Task:
Find, in the records below, the line that contains "a small room" and the line that contains "a resort pool". Copy those two lines and everything between them exactly, but not the pictures.

Task data:
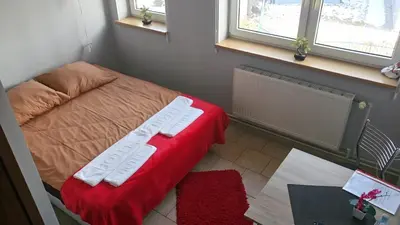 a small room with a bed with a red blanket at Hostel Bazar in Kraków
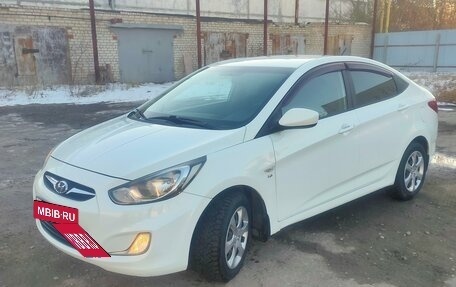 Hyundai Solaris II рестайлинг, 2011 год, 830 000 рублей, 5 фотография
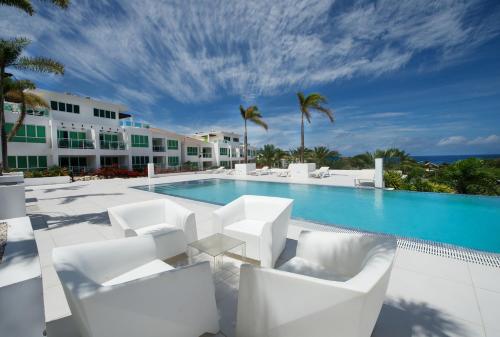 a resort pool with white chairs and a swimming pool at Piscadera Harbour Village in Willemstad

--

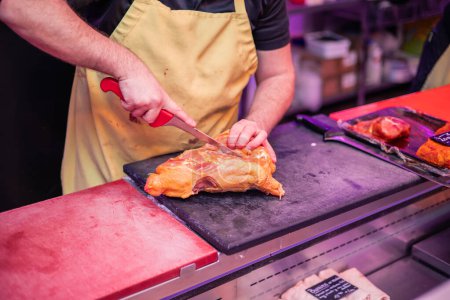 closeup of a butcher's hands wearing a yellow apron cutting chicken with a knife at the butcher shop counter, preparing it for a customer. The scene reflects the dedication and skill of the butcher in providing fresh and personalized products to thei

Task result:
 a small room with a bed with a red blanket at Hostel Bazar in Kraków
 Hyundai Solaris II рестайлинг, 2011 год, 830 000 рублей, 5 фотография
 a resort pool with white chairs and a swimming pool at Piscadera Harbour Village in Willemstad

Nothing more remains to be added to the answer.